Foreign firms control sea transportation from Vietnam to the US and Europe, while Vietnamese businesses, which have a market share of 15-20 percent, mainly operate in the ASEAN and China markets, according to the Vietnam Competition Authority
Vietnam’s sea logistics sector is heavily dominated by foreign shipping companies because local firms lack the former’s expertise and financial strength, but dubious pricing practices are loading the dice against the latter, a new report says.
The report, prepared by the Vietnam Competition Authority under the Ministry of Industry and Trade on ten major economic sectors, says that as of 2011, foreign shipping companies accounted for 80-85 percent of Vietnam’s sea transportation market share.
In fact, it is telling that in Vietnam, where over 80 percent of goods are transported by sea locally and internationally, the market shares of local shipping lines halved in 2011 from 33 percent five years earlier, the report says.
Foreign firms have a total hold over sea transportation to America and Europe, while Vietnamese businesses with the market shares of 15-20 percent mainly operate in ASEAN and China markets, the report says.
It says most Vietnamese vessels are designed for local routes and their efficiencies are therefore low when operating on international routes.
Moreover, many local lines are currently sub-contracted by foreign shipping companies as part of the logistics process, like collecting and transferring containers.
Foreign competitors dominate in-country shipping routes as well, even though Vietnam’s laws give local firms an advantage, the report says, citing a regulation which stipulates that local companies should receive priority for in-country transportation.
Handicapped by their poor capabilities, Vietnamese companies have given up significant chunks of the local shipping business, the report says, noting that 14 foreign companies have been licensed for shipping goods locally.
The report alleges that foreign shipping companies are possibly using price fixing tricks to offer low prices for international transportation to Vietnamese businesses in a bid to crush local competition.
It says the prices they offer sometimes are even lower than domestic shipping charges.
For instance, foreign shipping firms charge shipping US$30-50, or even $10 to ship a 40-feet container from Vietnam to Singapore, while shipping the same volume container from Hai Phong to HCMC costs VND1.3 million ($61.79), despite the shorter distance for the latter route.
However, foreign lines would ask for many additional surcharges later, including “unreasonable” fees like repairs of container lids, even though these should be included in depreciation costs of the transporters, the report says.
Furthermore, Vietnamese businesses usually buy and sell goods under CIF (cost, insurance, and freight) and FOB (free on board) agreements respectively; and in both cases, transportation choices are made by foreign partners.
So, local companies have no choice but to pay surcharges demanded by transporters to get their goods shipped at the earliest possible, the report says.
However, authorities cannot detect pricing violations by foreign transporters easily because, by law, price fixing is only prohibited when involved companies hold a total of more than 30 percent of the market share.
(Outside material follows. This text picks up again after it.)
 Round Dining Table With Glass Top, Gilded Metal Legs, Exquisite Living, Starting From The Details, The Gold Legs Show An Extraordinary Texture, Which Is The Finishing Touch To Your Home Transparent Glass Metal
It is not “an easy task” for authorities to identify the market shares of foreign companies, the report says.
On the other hand, local transporters do fail to offer competitive prices, they add.
The Vietnam Ship Owners Association says local businesses currently charge the same prices as other countries in Southeast Asia for bulk cargo transportation, but for shipping containers, their prices are between 20 and 30 percent higher.
For example, shipping a container from the northern city of Hai Phong and Ho Chi Minh City to the US would cost more than that from Thailand, by $450-500 each if they are dry cargo, and by up to $750 each if they are frozen cargo.
Explaining the high prices, the association said it was because no port in Vietnam can allow big capacity vessels to dock and receive containers directly.
All Vietnamese imports and exports to the US and the Europe, therefore, have to be routed through Hong Kong, Singapore, Malaysia or even Thailand where the cargo can be loaded onto big vessels.
In the end, local businesses have to pay more fees to feeders – ships that collect and transport containers to the foreign transfer ports, according to the association, and they have to pay loading and storage fees as well.
Statistics from the Vietnam Maritime Administration show that as of 2011, Vietnam had 1,691 ships whose total weight ranked 60th out of 152 countries in the world, and fourth out of ten ASEAN countries that have national flag carrying fleets.
But, only 450 Vietnamese ships with a total weight of nearly two million tons operate on international routes, the administration said.
Vietnamese ships transported some 96 million tons of cargo last year, an increase of eight percent, of which international transportation accounted were more than 66 million tons, up 6.15 percent year on year, according to the administration.